Add `lvk-alerts-to-storage` module #290

hernandezc1 · 2025-07-21T04:34:58Z

Summary

Added

lvk-alerts-to-storage module
- This module uploads LVK alert data to a GCS bucket. It also publishes a de-duplicated alert stream to the lvk-alerts Pub/Sub topic
setup_broker/lvk/templates
- bq_lvk_policy.json

Changed

setup_broker/lvk/setup_broker.sh
- creates/deletes a single dead letter topic lvk-deadletter with a Pub/Sub subscription attached
- the script incorporates similar changes implemented in PR Update deployment scripts for LSST #279
consumer/lvk
- updates the default Pub/Sub topic to: lvk-alerts_raw

troyraen

I marked "Request changes" because I went to do mwvgroup/pittgoogle-client#103 and realized there's a problem with the filename we decided on, so we need to discuss. I'm suggesting other changes here as well but I don't need to review those again.

troyraen · 2025-07-24T22:25:20Z

broker/cloud_run/lvk/ps_to_storage/main.py

+    _alert_type = alert.dict["alert_type"]
+    _id = alert.dict["superevent_id"]
+
+    return f"{VERSIONTAG}/{_date}/{_alert_type}/{_id}.json"

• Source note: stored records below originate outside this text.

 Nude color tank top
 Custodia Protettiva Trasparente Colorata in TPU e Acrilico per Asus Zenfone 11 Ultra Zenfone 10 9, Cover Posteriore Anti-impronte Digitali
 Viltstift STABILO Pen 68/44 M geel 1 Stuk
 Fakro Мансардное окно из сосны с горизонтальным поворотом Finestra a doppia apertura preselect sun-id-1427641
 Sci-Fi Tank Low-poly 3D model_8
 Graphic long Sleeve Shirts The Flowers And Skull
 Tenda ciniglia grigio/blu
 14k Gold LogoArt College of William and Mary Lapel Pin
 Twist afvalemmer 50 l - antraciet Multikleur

Thanks for pointing this out. What we decided on zoom was:

f"{VERSIONTAG}/{_id}/{_alert_type}-{_date}.json"

BUT, I went to patch our client Alert.name_in_bucket and realized that would impossible. These alert packets do not contain the version, so there is no way to construct the name_in_bucket using only the alert data. I don't know the best solution here. Let's think and discuss. Options off the top of my head are:

Our pipeline knows the schema version, so this module could simply add it to the alert packet. We'd need to propagate that all the way through in pubsub messages, bucket objects, and bigquery schemas. LVK alerts from us would be different than from LVK itself or any other broker. That may occasionally be a pain but not a huge problem, I think. I haven't fully thought things through but don't see any other problems with this at the moment. So this is seeming like the best option.

Maybe there's a way to get the consumer VM to add the schema version to the metadata (it does not open the alert packets, so it cannot add to the actual data). A downside is that it's relatively easy for data and metadata get disconnected. Also, I am very reluctant to mess with the consumer. It performs so well. I don't want to interfere.

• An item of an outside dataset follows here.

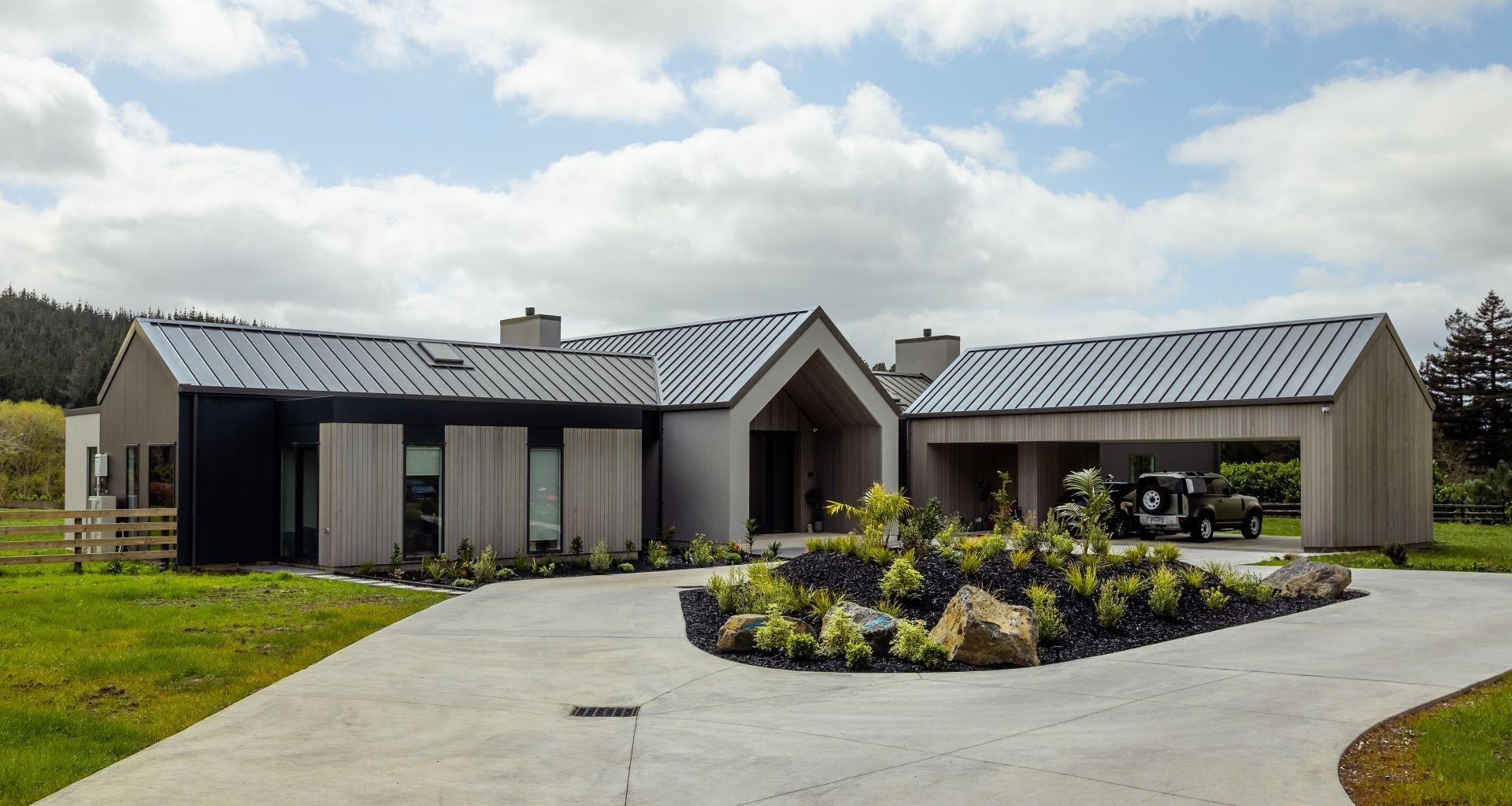Future Studios image of Coatesville Farmhouse, built by QBS IT, and ArchiPro's June 2024 Project of the Month.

If our pipeline never drops fields from LVK alerts (so, no lite module, etc.) maybe it's not crucial for the client to be able to construct the name_in_bucket. I can still think of edge cases where we'd regret that and users would hate us for it.

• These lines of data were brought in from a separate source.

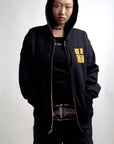 One of Them Enby Pride Yellow Embroidered Black heavy blend zip hoodie Heavy Blend Zip Hoodie
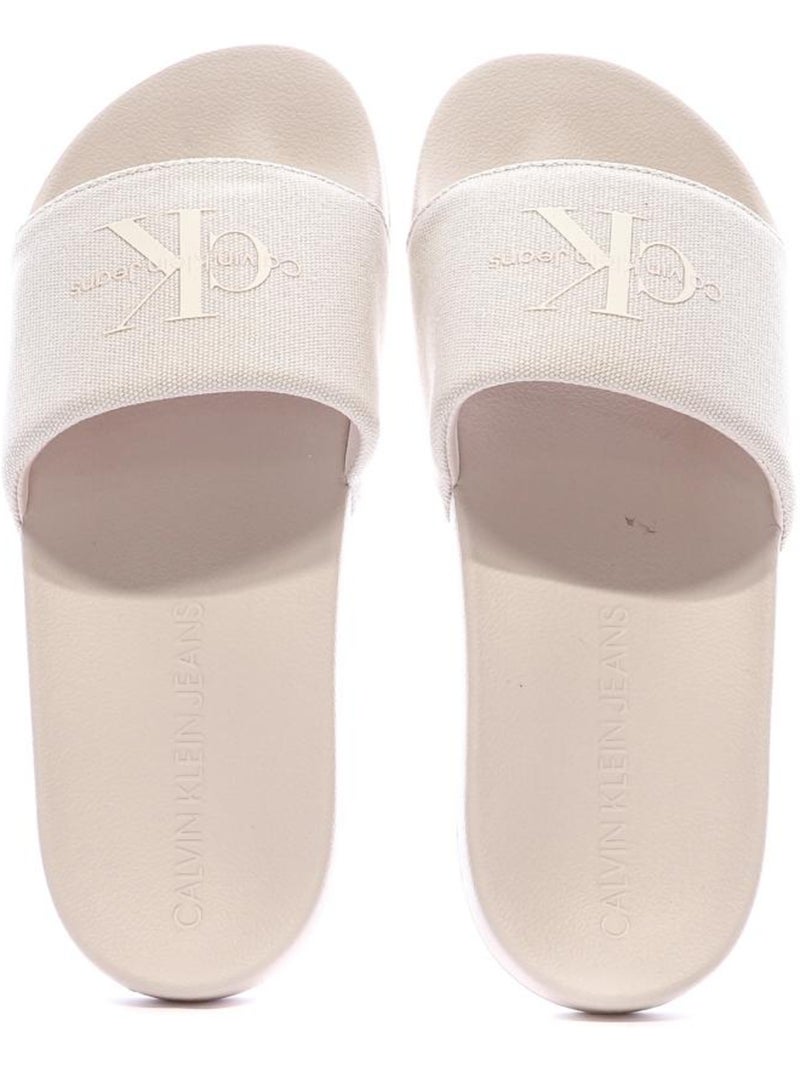 Claquettes Femme Calvin Klein Jeans Beige - Kiabi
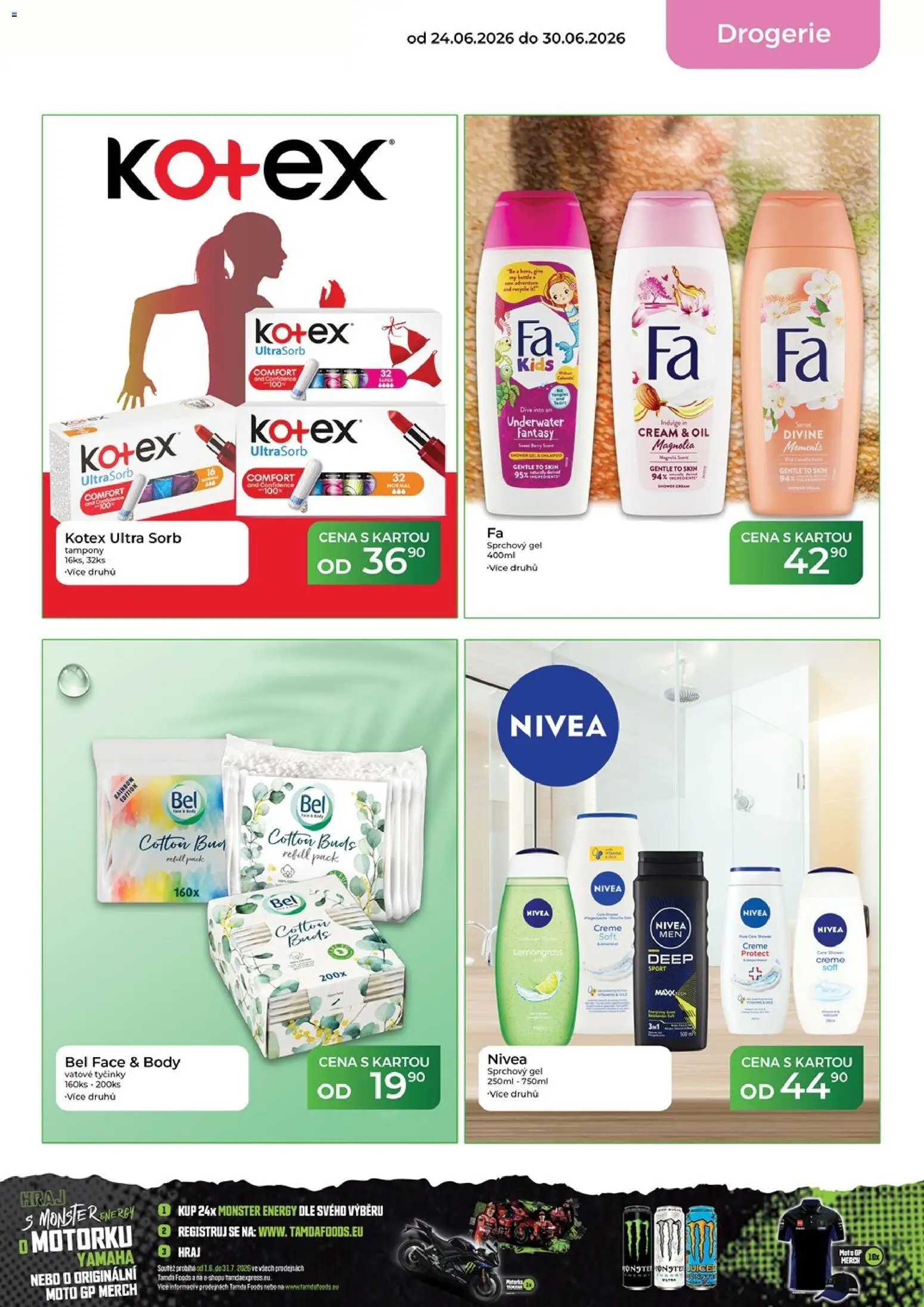Tamda Foods leták od 24.06.2026 | Strana: 57 | Produkty: Monster, Tyčinky, Drogerie, Tampony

We could drop VERSIONTAG from the name in bucket. I really don't like the idea of making superevent_id the top level folder so maybe we use the LVK run for that, like "O4". Problem is that bigquery tables MUST be separated by schema version. There's no guarantee of a clean mapping between run and schema version. So this would make it really hard to regenerate bigquery tables from the bucket.

Also, this reminds me that it would be much better to remove this function altogether and just use Alert.name_in_bucket so that we don't have to keep the two in sync.

We decided yesterday on zoom to implement option 1. I'll wait for that before reviewing again.

@troyraen I've implemented option 1! Ready for your review.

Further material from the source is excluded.